#### [What you have to do]
Transcribe every line of the material below exactly, leaving out the pictures.

#### [Exercise data]
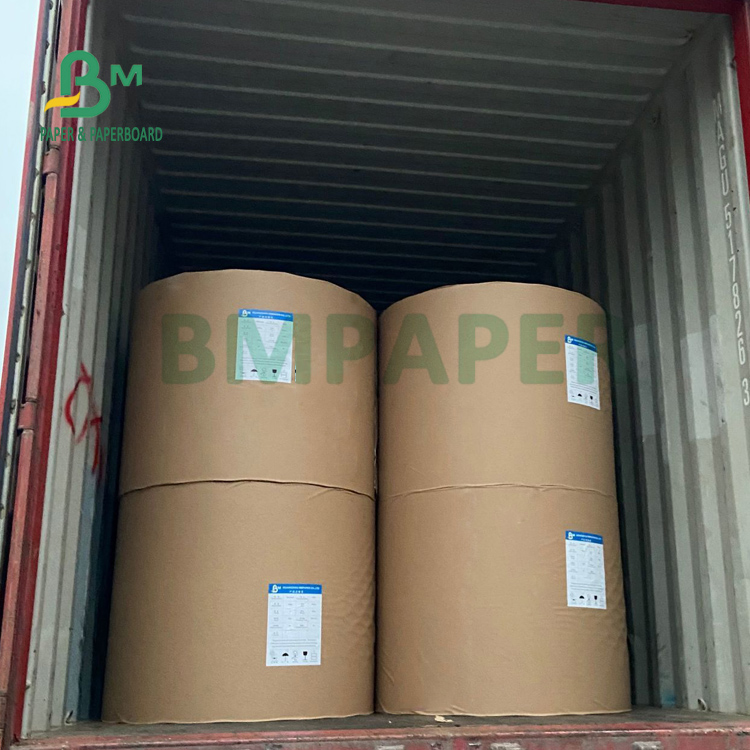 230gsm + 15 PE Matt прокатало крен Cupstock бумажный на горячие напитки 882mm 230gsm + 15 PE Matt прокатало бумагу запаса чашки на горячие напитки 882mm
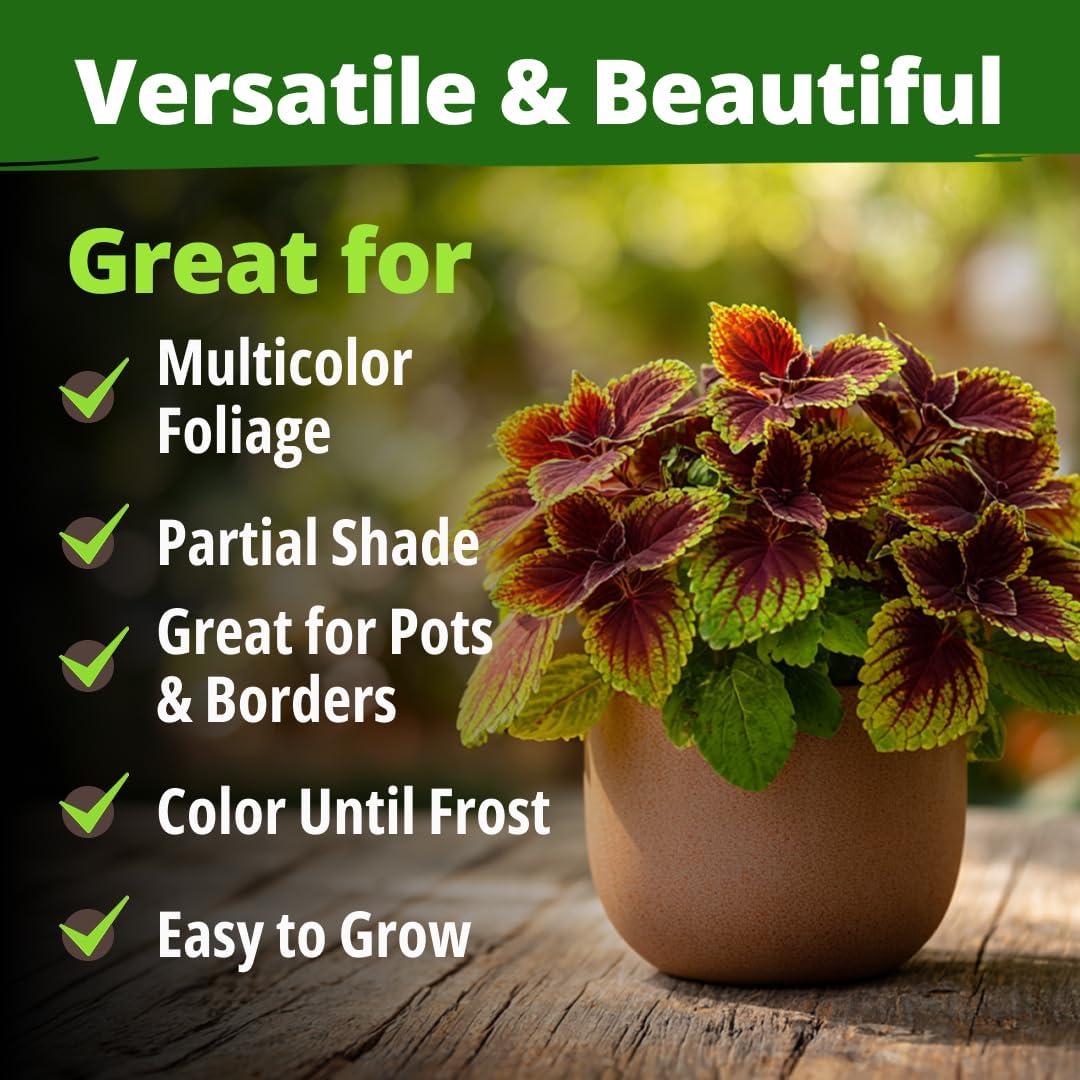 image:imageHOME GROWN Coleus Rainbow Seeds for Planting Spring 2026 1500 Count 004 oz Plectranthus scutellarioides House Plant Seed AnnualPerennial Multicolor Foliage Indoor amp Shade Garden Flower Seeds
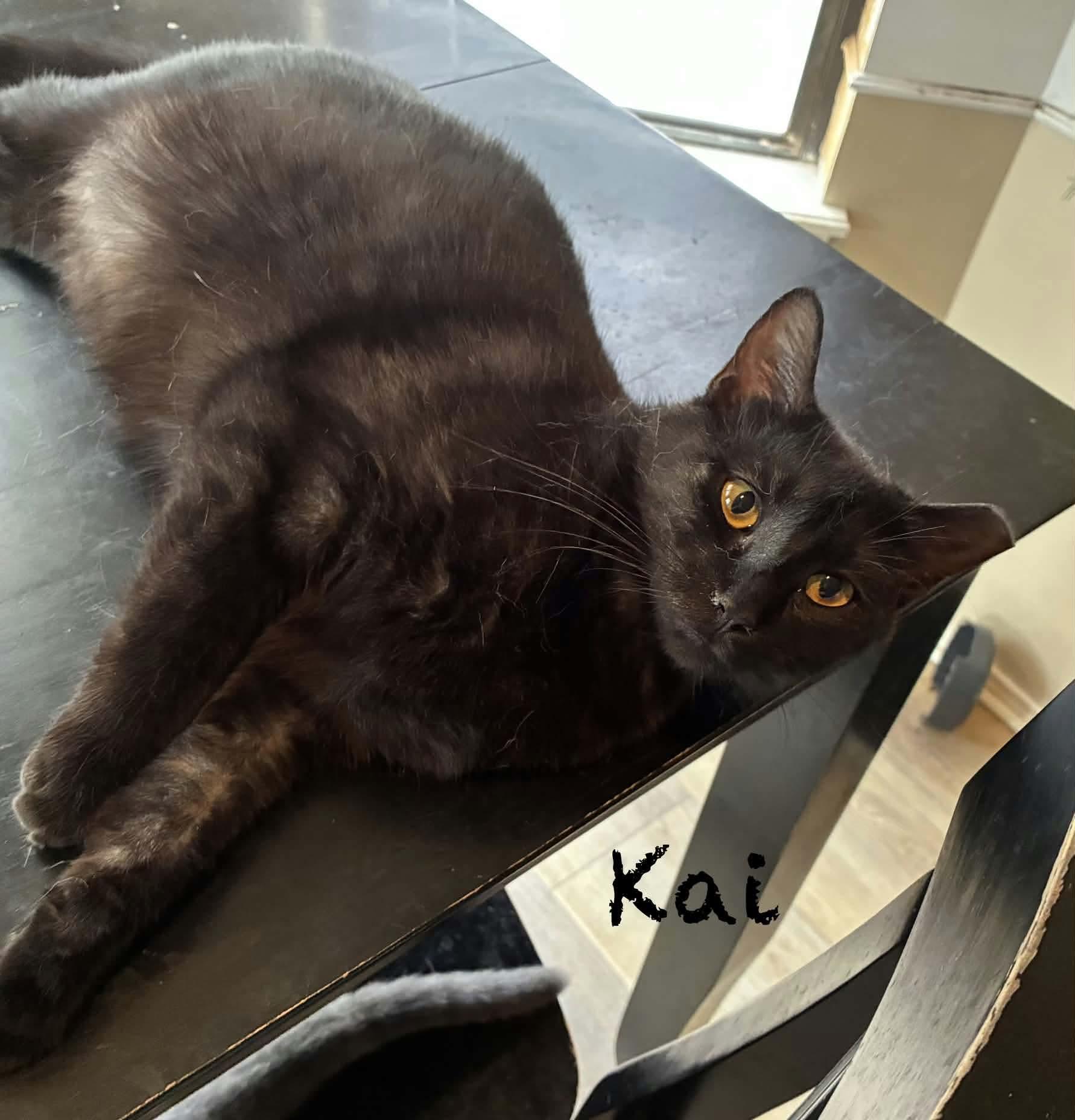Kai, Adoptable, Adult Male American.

#### [Problem solution]
 230gsm + 15 PE Matt прокатало крен Cupstock бумажный на горячие напитки 882mm 230gsm + 15 PE Matt прокатало бумагу запаса чашки на горячие напитки 882mm
 image:imageHOME GROWN Coleus Rainbow Seeds for Planting Spring 2026 1500 Count 004 oz Plectranthus scutellarioides House Plant Seed AnnualPerennial Multicolor Foliage Indoor amp Shade Garden Flower Seeds
Kai, Adoptable, Adult Male American.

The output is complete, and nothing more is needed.